I just got a frame and the fork crown has been filed something serious. When I put the fork Crown race on it is tight to go on but has a small bit of play once fully installed. What are my options?

http://i16.photobucket.com/albums/b2...G_3131_JPG.jpg

Jake

randyjawa 11-05-09 07:10 PM

Belzona...
 
I am a retired Millwright(Industrial Mechanic) and, from time to time, in industry we had to repair just such situations. Find some Belzona, mix it and goop it on.

This is not a permanent repair but I have seen such repairs last for years under demanding adverse conditions. When one considers the stress this bearing assembly will experience, my guess is that the repair will last for a very long time.

Belzona is a two part product that mixes up into a stiff paste. Follow the instructions and see how it works. You can always file it off again if need be. There is, of course the concern of getting the bearing race centered on the steering stem, but once again, still worth a try. The cost should not be to great.

Hope this is a help and I have done it? Yup! And with good results.

unworthy1 11-05-09 07:12 PM


Originally Posted by junkfoodjunkie (Post 9991804)
I just got a frame and the fork crown has been filed something serious. When I put the fork Crown race on it is tight to go on but has a small bit of play once fully installed. What are my options?

http://i16.photobucket.com/albums/b2...G_3131_JPG.jpg

Jake

the crown race must be standard ID (26.4) not JIS (27), correct? Cause the quick fix would be mill it down from JIS to 26.4. If it's already under 26.4 (in spots) you could take it to a frame repair-er and have brass (bronze) added to the race area, then mill it down to spec. it could mess up the paint, however.
if the slop isn't too bad, consider some LocTite GREEN (for press-fitting, not threads).

junkfoodjunkie 11-05-09 07:16 PM

It is 26.4 and I do not know of a single frame builder in Oklahoma. The slop is very very minimal. Thanks for the input so far.

Jake

miamijim 11-05-09 07:46 PM

1. JB weld the race on

2. We had tool that was designed to 'raise' the metal. You'd roate it around a few times and the wheels would dig and leave a pattern behind. It worked OK.

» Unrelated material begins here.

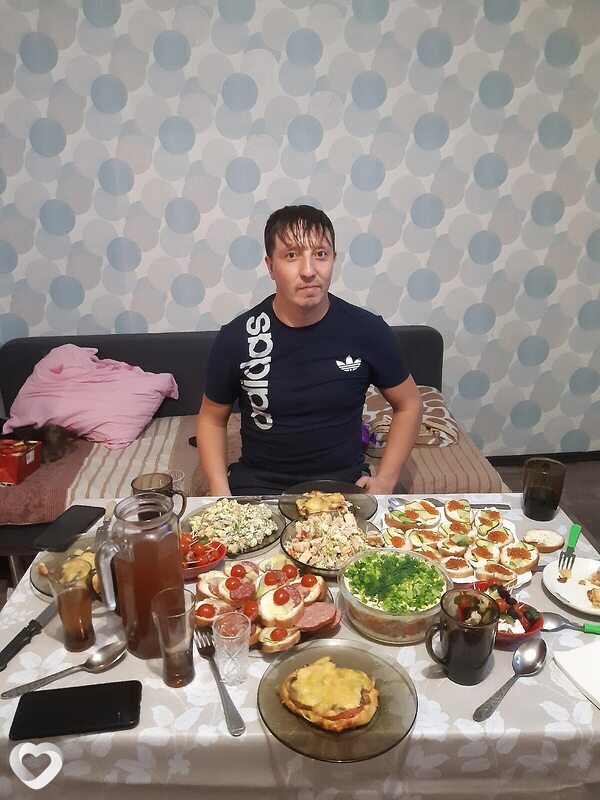 Толя, 32, Горно-Алтайске — анкета №1251804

unworthy1 11-05-09 08:08 PM

JB might be the best trick and easy to find, also you can un-do it in future with heat and solvents.
I forgot about "Knurling" which is what miamijim suggests, the "poorman's " version of knurling can be done by striking a pattern of dots in the low spots with a sharp center punch. it does the same thing: raises the metal.

T-Mar 11-05-09 08:16 PM


Originally Posted by miamijim (Post 9992059)
...We had tool that was designed to 'raise' the metal. You'd roate it around a few times and the wheels would dig and leave a pattern behind. It worked OK.

The process is called knurling. It displaces metal to create small ridges or mounds higher than the orignal surface of the metal. Inexpensive bicycles often have the bottom of the steerer tube knurled to hold the crown race in place without the need of a precision machined collar/flange. If done properly, it is an effective solution, though it will not stand up to repeated removal and installation of crown races like a machined collar/flange.

repechage 11-05-09 09:17 PM

Kind of scary that the undercut shows in the image, not a happy stress riser. Knurling would work, but I don't know if I would continue to use it. I am not an alarmist type, but I don't like how it looks from here.